Years ago, in college, perhaps the best teacher I ever had —a man who, ironically, never got tenure and thus was stuck as an adjunct teaching “survey” classes on the history of the American Civil War to confused college students— told me that I would NEVER be able to understand the soul of America in the 1850s, or the minds of the Americans who went to war in the 1860s, without reading the New Testament and the heart wrenching classic, Uncle Tom’s Cabin. Those two books were the two books the average American soldier who bled at Chickamauga or Gettysburg were most likely to have read. A hundred and fifty years later they are still a window into the souls of men and women who lived and died more than a century ago.

Dr. Mark taught me to love history by looking at history in a humble way. Trying to figure out what inspired people, rather than memorizing dates and places or reading the hashed over post-modernist monographs of people publishing in an effort to get tenure.
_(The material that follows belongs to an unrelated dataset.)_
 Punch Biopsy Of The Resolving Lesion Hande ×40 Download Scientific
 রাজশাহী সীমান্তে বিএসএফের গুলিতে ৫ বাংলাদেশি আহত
We should all be lucky enough to have a Dr. Mark in our lives. I fell in love with history that semester. An invisible student in the back of the class. Sadly, we have an educational system where whether or not you love history, or love America, depends on luck. Most people aren’t lucky enough to encounter a Dr. Mark when we need him.
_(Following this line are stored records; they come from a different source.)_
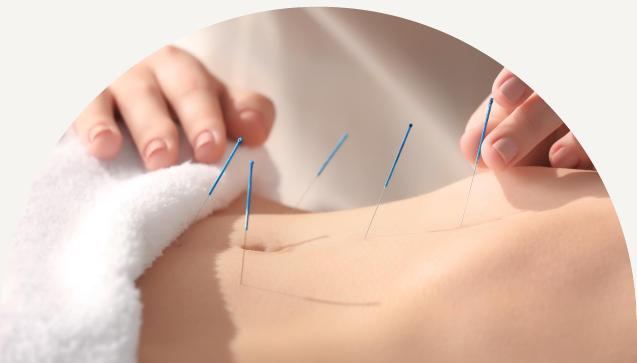 Acupuncture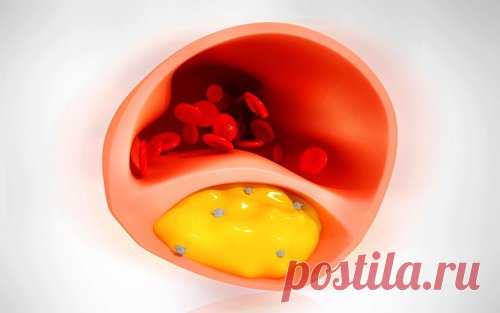 8 продуктов, которые помогут очистить артерии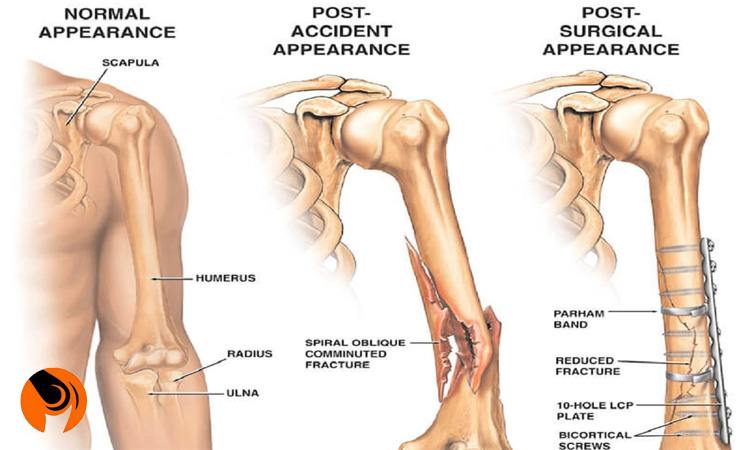 علت شکستگی استخوان بازو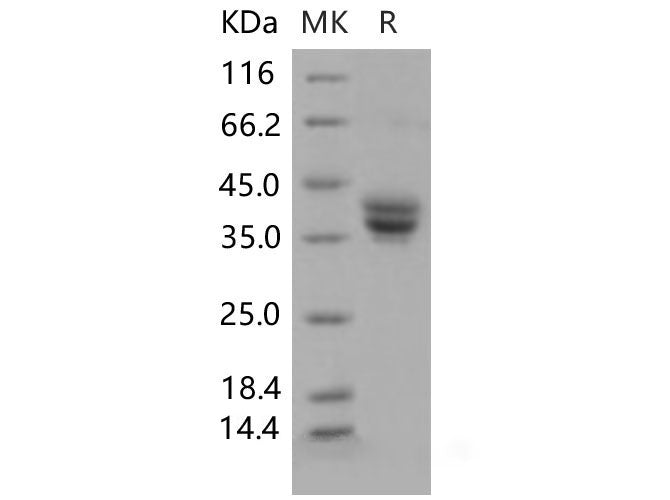 Recombinant Mouse GPA33/Glycoprotein A33 Protein (His Tag)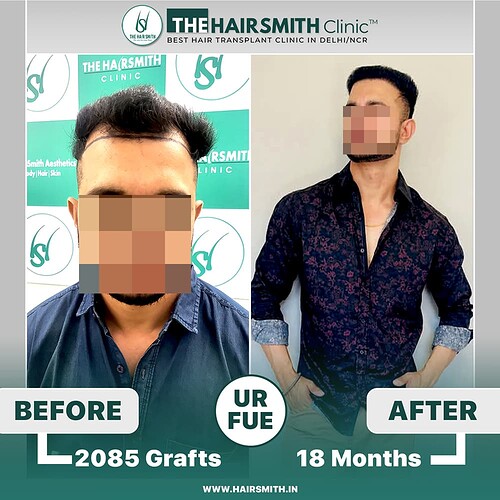 the hairsmith hair transplant result - after 18 months - update
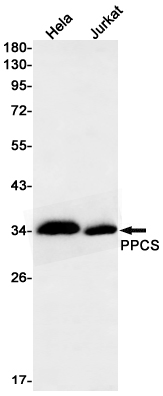 PPCS Rabbit mAb ABZ3354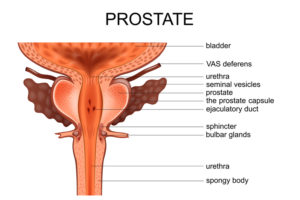 Prostate Cancer and its Relationship to ED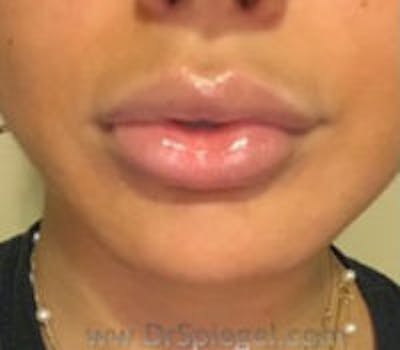 Lip Filler Before & After Gallery - Patient 115683 - Image 2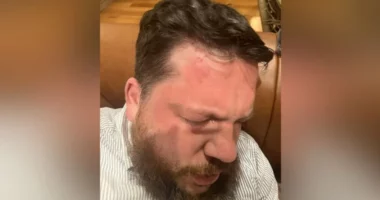 Krahu i djathtë i Alexei Navalny sulmohet me çekiç në Lituani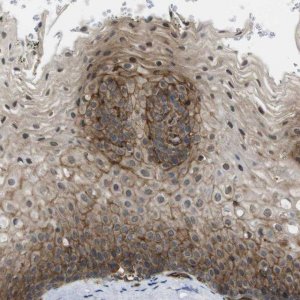 Anti-ZDHHC5 antibody produced in rabbit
But the books are there for everyone, if you know where to look.

In 2021 we need inspiration. We need courage. We need to turn off the television and tune out the podcasts and cool it with the daily e-mail feed and focus on the topics that matter. Maybe we even need to take another look at the classics.


It takes courage to focus on what matters. It takes time too… but learning to fall in love with history can give us a sense of perspective that makes the current day, and the future, seem less scary.
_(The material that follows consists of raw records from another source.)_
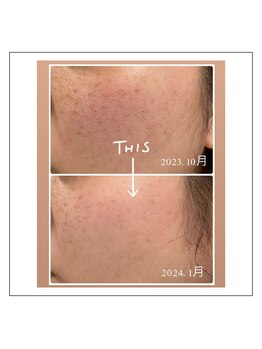 リオル(Rior)/韓国艶肌光ケア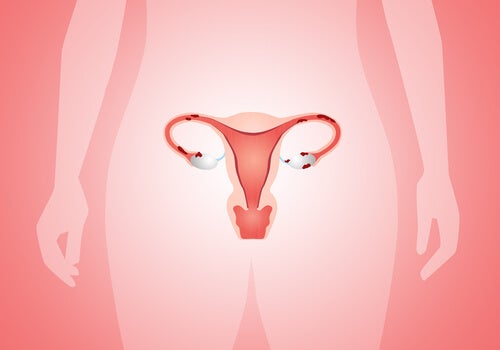 uterus with endometriosis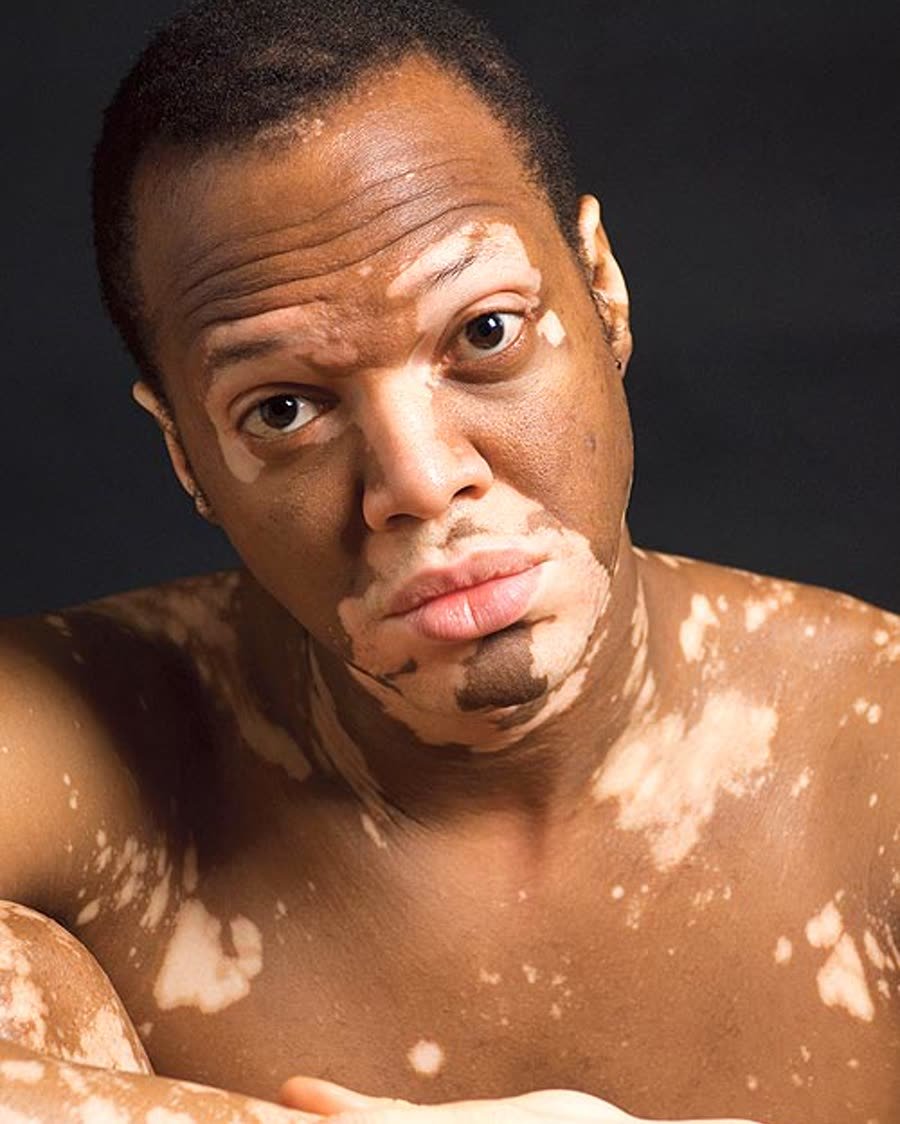 Vitiligo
And thus, for courage, for perspective, for the love of America and in a desperate need to connect and reconnect and take a long heartfelt look at some serious topics, the idea of the Marin Republican Women’s bookclub was born.


This is also, of course, a rather personal list. But it includes both classics, books that SHOULD be classics, and controversial modern on topic books. We think this list reflects what it truly means to be human, most of all, it reflects the problems we face as individuals and Americans.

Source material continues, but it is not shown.